**Task**
Return the lines that run from the line containing "1202 Chestnut St #201 - Photo 1 of 1" through the end of the entries, both ends included. Leave out all pictures.
(Beginning of Data)
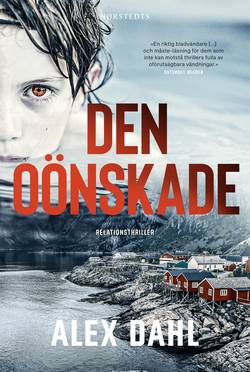 Den oönskade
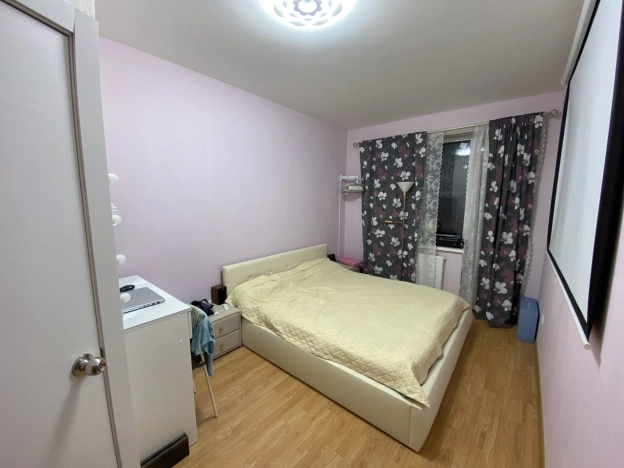 . Вариант № 1580052, 2, площадь - 65.4 квм, цена 8500000 рублей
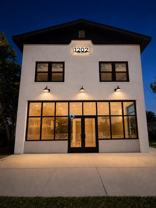 1202 Chestnut St #201 - Photo 1 of 1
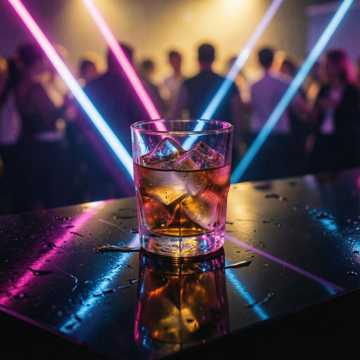 消失的爱 DJREMIX-版本2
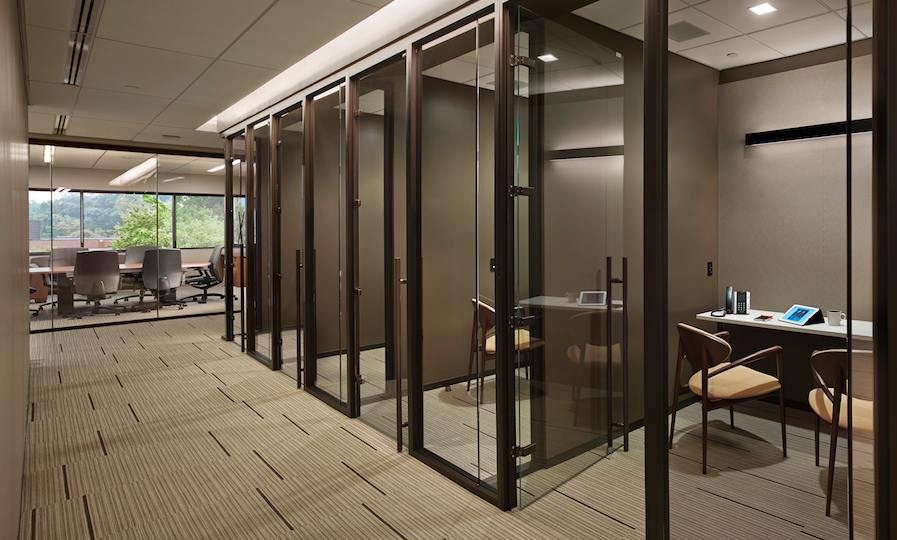 Architizer's tweet photo. Congrats #Muraflex on your A+Award! http://t.co/HQk0GdhdXX #ArchitizerAwards http://t.co/mXeRhzq2NV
(End of Data)
**Solution to this exercise**
 1202 Chestnut St #201 - Photo 1 of 1
 消失的爱 DJREMIX-版本2
 Architizer's tweet photo. Congrats #Muraflex on your A+Award! http://t.co/HQk0GdhdXX #ArchitizerAwards http://t.co/mXeRhzq2NV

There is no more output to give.